The images are made of pixels, made of a grid of size H*L, and each pixel is made
of 3 channels : Red, Green and Blue.  

This makes images **3-Dimensional** objects (N\*L\*3), here the images are of size
64\*64\*3

In [None]:
import numpy as np

image = np.array(img.convert("RGB"))
figure, plots = plt.subplots(ncols=3, nrows=1)
for i, subplot in zip(range(3), plots):
    temp = np.zeros(image.shape, dtype='uint8')
    temp[:,:,i] = image[:,:,i]
    subplot.imshow(temp)
    subplot.set_axis_off()
plt.show()

### Create the data objects

`torch` is a popular python framework to make Deep Learning models. Among its functionalities, it offers ways
to facilitate data usage through `Dataset` and `DataLoader` objects.  
The first step is to create a `Dataset` ([here](https://docs.pytorch.org/tutorials/beginner/basics/data_tutorial.html)) object.  

You should implement three methods for that :
- `__init__` -> create the 'attributes' of our object (kind of a way of storing data)
- `__len__` -> return the number of elements of our dataset (allows our object to get called with the `len` function)
- `__getitem__` -> return the element at an index (like for a `list`).
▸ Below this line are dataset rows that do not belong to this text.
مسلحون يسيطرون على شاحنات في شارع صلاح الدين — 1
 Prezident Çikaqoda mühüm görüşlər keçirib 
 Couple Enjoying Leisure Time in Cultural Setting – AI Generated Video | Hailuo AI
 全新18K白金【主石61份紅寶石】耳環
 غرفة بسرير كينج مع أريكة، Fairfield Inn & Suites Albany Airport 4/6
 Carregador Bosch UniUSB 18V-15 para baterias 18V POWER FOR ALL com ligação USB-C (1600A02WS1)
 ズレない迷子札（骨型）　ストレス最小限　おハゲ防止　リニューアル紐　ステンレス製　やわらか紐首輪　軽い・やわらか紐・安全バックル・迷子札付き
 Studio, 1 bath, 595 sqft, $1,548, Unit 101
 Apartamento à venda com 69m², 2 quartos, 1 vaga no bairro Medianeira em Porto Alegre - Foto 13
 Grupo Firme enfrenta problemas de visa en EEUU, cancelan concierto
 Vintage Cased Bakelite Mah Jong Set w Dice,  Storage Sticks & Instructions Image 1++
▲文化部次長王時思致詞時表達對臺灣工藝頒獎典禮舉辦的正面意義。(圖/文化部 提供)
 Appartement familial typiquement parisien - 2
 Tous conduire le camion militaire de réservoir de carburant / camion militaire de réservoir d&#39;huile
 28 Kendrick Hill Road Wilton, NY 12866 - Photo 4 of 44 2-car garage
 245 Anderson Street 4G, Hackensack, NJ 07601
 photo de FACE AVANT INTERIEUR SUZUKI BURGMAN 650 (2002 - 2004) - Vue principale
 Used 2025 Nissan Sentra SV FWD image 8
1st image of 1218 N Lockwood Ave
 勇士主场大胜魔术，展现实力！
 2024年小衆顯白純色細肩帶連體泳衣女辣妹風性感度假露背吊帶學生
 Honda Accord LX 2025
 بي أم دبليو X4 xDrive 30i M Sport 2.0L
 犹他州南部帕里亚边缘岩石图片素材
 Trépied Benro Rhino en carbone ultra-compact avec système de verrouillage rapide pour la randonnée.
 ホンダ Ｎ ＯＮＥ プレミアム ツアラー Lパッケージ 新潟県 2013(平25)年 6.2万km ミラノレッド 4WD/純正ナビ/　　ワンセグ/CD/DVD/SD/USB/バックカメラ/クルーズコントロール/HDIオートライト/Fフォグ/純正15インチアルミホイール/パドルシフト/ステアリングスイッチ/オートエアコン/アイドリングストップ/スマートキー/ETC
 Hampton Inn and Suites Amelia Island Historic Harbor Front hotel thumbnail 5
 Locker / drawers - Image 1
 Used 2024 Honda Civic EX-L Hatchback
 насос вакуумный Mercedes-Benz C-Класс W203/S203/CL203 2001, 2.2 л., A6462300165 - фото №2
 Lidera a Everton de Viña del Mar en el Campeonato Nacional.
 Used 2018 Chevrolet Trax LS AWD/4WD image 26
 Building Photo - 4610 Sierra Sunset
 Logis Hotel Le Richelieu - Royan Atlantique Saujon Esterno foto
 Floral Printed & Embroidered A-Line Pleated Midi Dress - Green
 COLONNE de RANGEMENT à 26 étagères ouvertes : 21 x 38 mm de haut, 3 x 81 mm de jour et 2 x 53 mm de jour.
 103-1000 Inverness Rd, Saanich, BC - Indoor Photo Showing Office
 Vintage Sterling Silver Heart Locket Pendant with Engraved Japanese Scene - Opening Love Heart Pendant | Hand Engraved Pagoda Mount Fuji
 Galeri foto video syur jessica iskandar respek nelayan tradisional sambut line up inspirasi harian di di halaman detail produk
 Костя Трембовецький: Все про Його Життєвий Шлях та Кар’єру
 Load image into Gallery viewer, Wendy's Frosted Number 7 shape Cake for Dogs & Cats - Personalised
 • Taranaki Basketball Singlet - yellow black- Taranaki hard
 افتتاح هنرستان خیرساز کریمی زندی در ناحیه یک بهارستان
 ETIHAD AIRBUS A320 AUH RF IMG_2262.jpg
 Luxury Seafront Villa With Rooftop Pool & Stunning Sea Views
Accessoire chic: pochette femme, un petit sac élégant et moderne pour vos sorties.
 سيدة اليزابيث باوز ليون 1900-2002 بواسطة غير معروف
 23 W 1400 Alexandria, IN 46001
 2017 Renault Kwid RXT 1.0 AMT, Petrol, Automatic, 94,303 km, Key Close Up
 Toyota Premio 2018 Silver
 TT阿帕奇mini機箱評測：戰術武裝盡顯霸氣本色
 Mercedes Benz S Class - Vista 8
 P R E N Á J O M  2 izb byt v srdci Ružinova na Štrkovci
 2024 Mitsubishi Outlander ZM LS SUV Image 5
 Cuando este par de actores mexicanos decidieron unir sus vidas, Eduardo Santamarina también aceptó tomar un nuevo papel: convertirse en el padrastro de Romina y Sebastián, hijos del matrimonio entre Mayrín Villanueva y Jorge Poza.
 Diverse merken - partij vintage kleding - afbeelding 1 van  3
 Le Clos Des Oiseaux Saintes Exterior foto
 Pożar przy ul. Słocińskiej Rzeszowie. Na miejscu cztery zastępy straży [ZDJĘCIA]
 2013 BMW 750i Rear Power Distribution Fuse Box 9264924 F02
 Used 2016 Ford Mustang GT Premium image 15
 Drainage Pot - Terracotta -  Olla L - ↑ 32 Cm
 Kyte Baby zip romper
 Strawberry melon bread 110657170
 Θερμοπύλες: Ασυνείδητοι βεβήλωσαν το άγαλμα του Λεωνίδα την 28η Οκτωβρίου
In our case an item is made of an image transformed into a `tensor` + its label

In [None]:
# The first step is to make a dataset, for this we need to create our own custom object
# Below is the "backbone" of a Dataset object, with all the necessary methods that need to be implemented
# Uncomment and execute the cell below to see the answer
from torch.utils.data import Dataset

class CustomDataset(Dataset):

    def __init__(self, data, transform):
        # initialization method, you should store data and transform as attributes
        pass

    def __len__(self):
        # should return the number of elements of the dataset
        pass

    def __getitem__(self, idx):
        # should return the element of the dataset at index idx (image and label)
        # (Don't forget to transform the image)
        pass

In [None]:
# %load ../src/custom_dataset.py

In [None]:
# In this cell we use the custom dataset we just created with our imported datasets
import torchvision.transforms as transforms

# Here we need a transform vision to convert the data which are PIL images into vectors
transform = transforms.ToTensor()

training_dataset = CustomDataset(train_dataset, transform)
validation_dataset = CustomDataset(val_dataset, transform)

What we will want to do afterwards is to loop over the dataset, to make 'batches'
of data for the training protocol.   

`torch` provides the `DataLoader` object, let's create those data loaders!

In [None]:
# Make a DataLoader from the custom dataset created above
from torch.utils.data import DataLoader

train_loader = DataLoader(training_dataset, batch_size=64)
valid_loader = DataLoader(validation_dataset, batch_size=64)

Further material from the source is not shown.